Cosette Castro
Brasília – Enquanto organizamos e participamos de lives para chamar atenção nacional sobre a campanha do Setembro Roxo, no grupo de WhatsApp do Coletivo FIlhas da Mãe, as demandas são outras. Mais concretas.
Estamos no mês mundial de conscientização sobre as demências, entre elas o Alzheimer. Mas nem sempre as campanhas mundiais traduzem a dura realidade cotidiana e as necessidades de quem cuida um familiar.
O Relatório Mundial sobre Demências 2024 revela, por exemplo, que 65% dos profissionais de saúde e de cuidado acreditam – incorretamente – que a demência é uma parte normal do envelhecimento. Não é!
A partir dessa desinformação e preconceito, um exemplo da violência estrutural contra pessoas idosas, os profissionais da saúde deixam de informar ou tratar pacientes a tempo.

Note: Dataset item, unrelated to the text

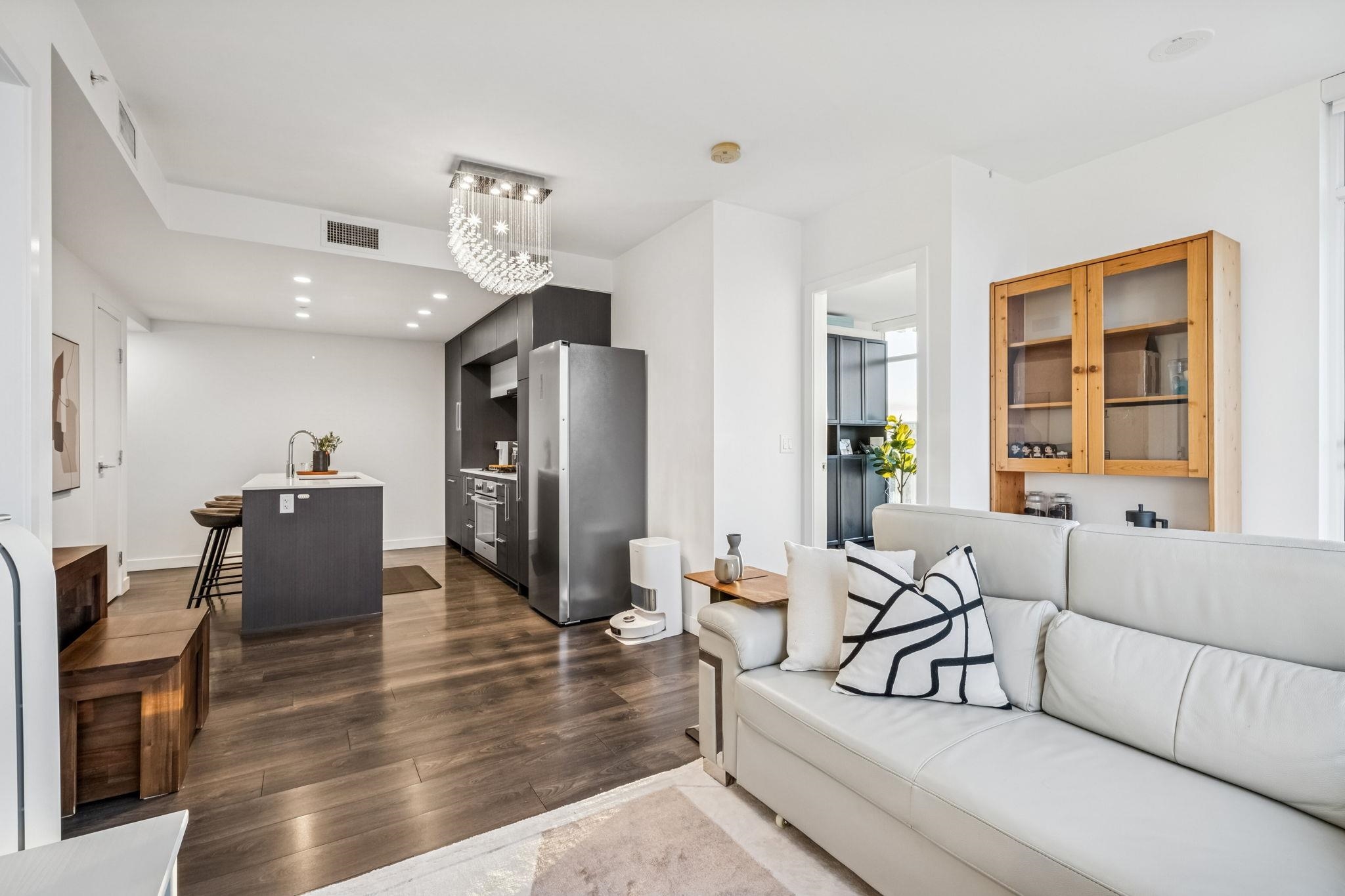 1209 5580 NO. 3 ROAD Unit: 1209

Com isso deixam também de oferecer qualidade de vida para as pessoas com diagnóstico e para seus familiares.
A falta de informações corretas, inclusive sobre a diferença entre envelhecimento natural e sintomas de demências, alimenta a circulação de fake news gerando outros problemas e estigmas.
A Comissão Lancet, formada por especialistas de diferentes países, listou no ano passado 10 itens diferenciando envelhecimento saudável dos sintomas de demências. E o Coletivo Filhas da Mãe disponibiliza online esse folheto, além de distribuir a versão impressa nos parques da Capital Federal. Mas essa ação deveria ser multiplicada para todo o país.
Estamos propondo e esperando políticas públicas urgentes voltadas para a formação permanente dos profissionais de saúde de todos os níveis, inclusive médicos.
Também aprovamos por unanimidade a Lei Distrital 6926/2022 que cria a Política Distrital sobre Alzheimer e Outras Demências. Mas o governador até hoje não implementou a Lei, mantendo a população na escuridão, sem informações e ações de prevenção.
De acordo com o Relatório Mundial sobre Demências, 88% das pessoas diagnosticadas na primeira fase relatam vivências de discriminação, seja no âmbito familiar, entre vizinhos, na rua, clínicas e hospitais.
Essas discriminações se manifestam na forma de infantilização da pessoa idosa, tratadas no diminutivo, como se já não conseguissem entender o que escutam. Ou no apagamento da pessoa diagnosticada em consultas, em lojas ou nos bancos quando os profissionais só falam com a pessoa acompanhante.
Outro ponto importante do relatório é a urgência de diagnósticos em tempo hábil, algo praticamente inexistente em países como o Brasil. Isso evitaria que as demências sejam descobertas a partir da segunda fase, quando a pessoa diagnosticada já está perdendo a autonomia total.
A falta de informações sobre as demências se espalha entre diferentes públicos.
80% da população acreditam que a demência é uma parte normal do envelhecimento, um aumento da desinformação dramático em relação aos 66% apontados no Relatório Mundial de 2019. Ou seja, a falta de campanhas nacionais permanentes e de políticas públicas aumentou o quadro de desconhecimento, confusão e medo.
A falta de informações têm consequências diretas na vida de quem recebeu diagnóstico e também de seus familiares. Principalmente no que diz respeito ao preconceito e ao estigma contra demências. Sem conhecer os sintomas, muitas pessoas se afastam da pessoa doente e da família.
No mundo todo, mais de 1/4 das 40 mil pessoas entrevistadas em 166 países e territórios no Relatório de 2024 acreditam, incorretamente, que não há nada a se fazer para prevenir as demências. Esse número aumentou de 20% em 2019 para 37% em 2024 em países com rendas baixas e médias, como o Brasil.
Para reduzir a desinformação, o Coletivo Filhas da Mãe distribui gratuitamente, online e no formato impresso nos parques de Brasília, folheto sobre os 14 Fatores Evitáveis para Prevenir as Demências. O material, produzido pela Comissão Lancet, deveria estar disponível para toda população, de Norte a Sul do país.
Enquanto a Política Nacional de Demências não é aprovada nem tem orçamento definido no Brasil, seguiremos fazendo o trabalho diário de acolhimento de quem cuida e informando a população sobre envelhecimento natural, ativo e saudável, sobre projetos de cuidado e autocuidado, e, principalmente, informando a população sobre o que são as demências, para reduzir o desconhecimento, o medo e o estigma.